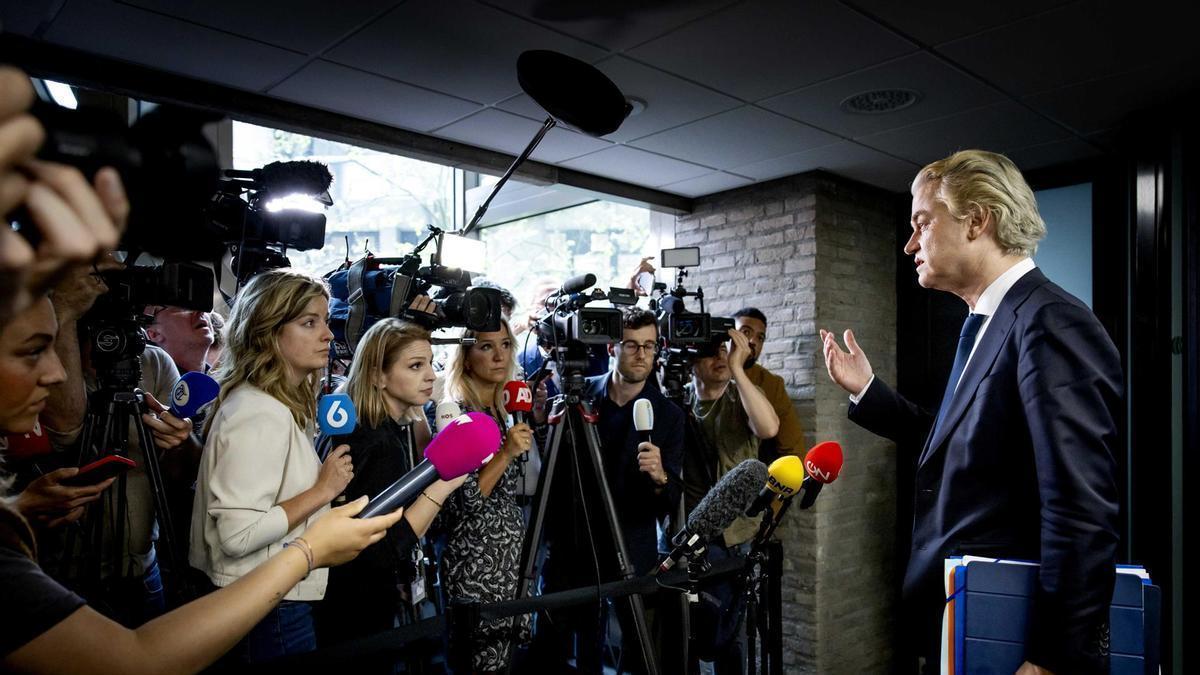 Geert Wilders comparece ante los medios tras las negociaciones.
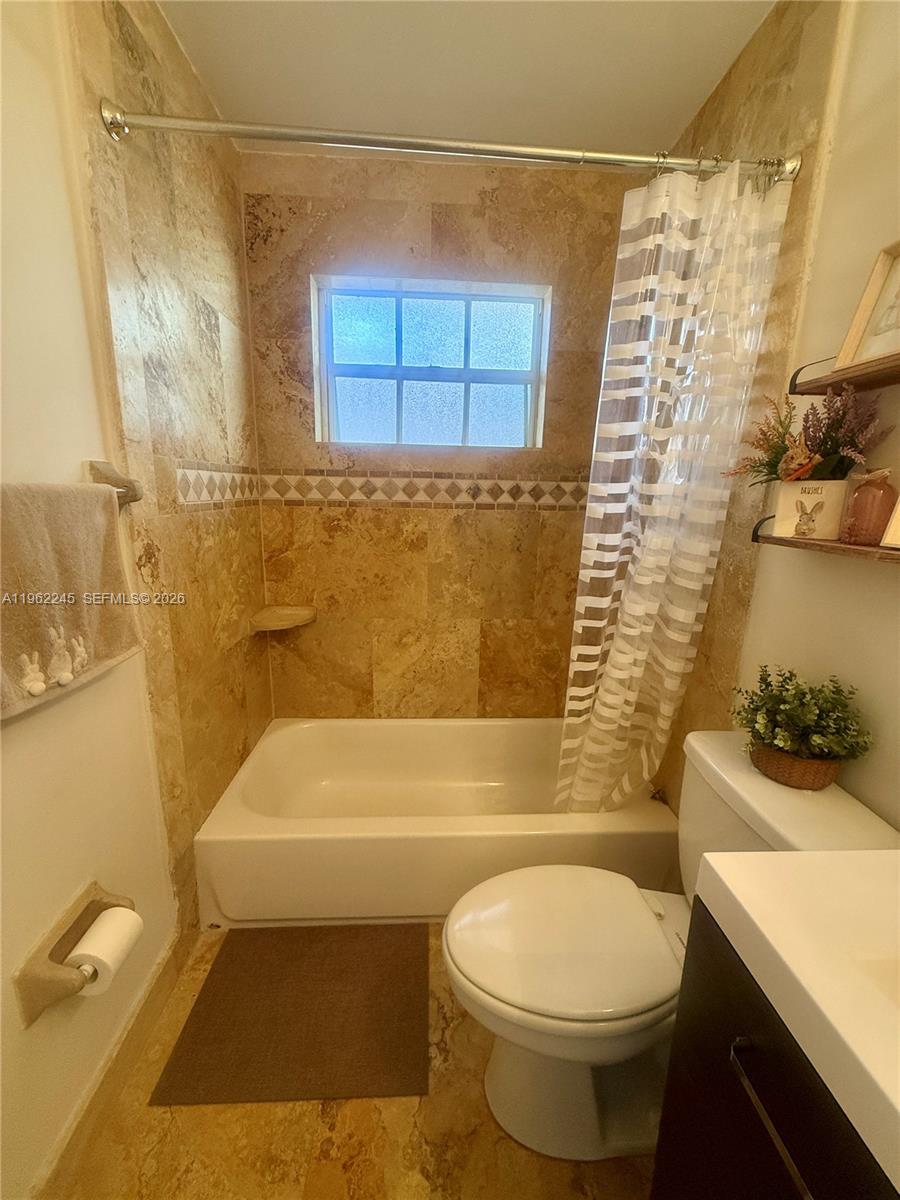 EL PRADO BY THE LAKE - Residential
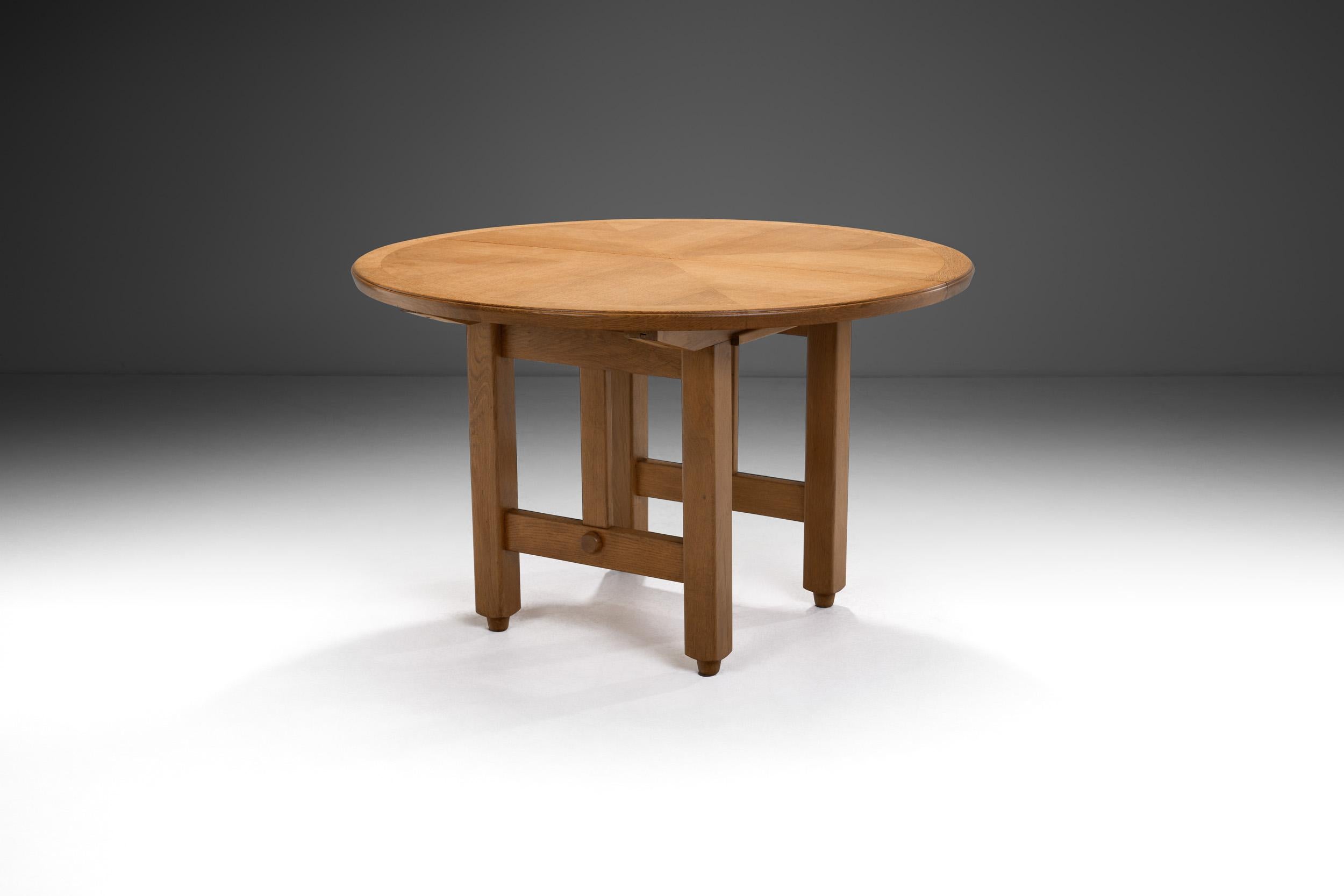 French Extendable Oak Dining Table by Guillerme et Chambron, France Late 20th Century For Sale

# Task requirements:
The copy should begin at the line containing "EL PRADO BY THE LAKE - Residential" and end at the last line of the data above; please restate those lines word for word without the pictures.

# Task result:
 EL PRADO BY THE LAKE - Residential
 French Extendable Oak Dining Table by Guillerme et Chambron, France Late 20th Century For Sale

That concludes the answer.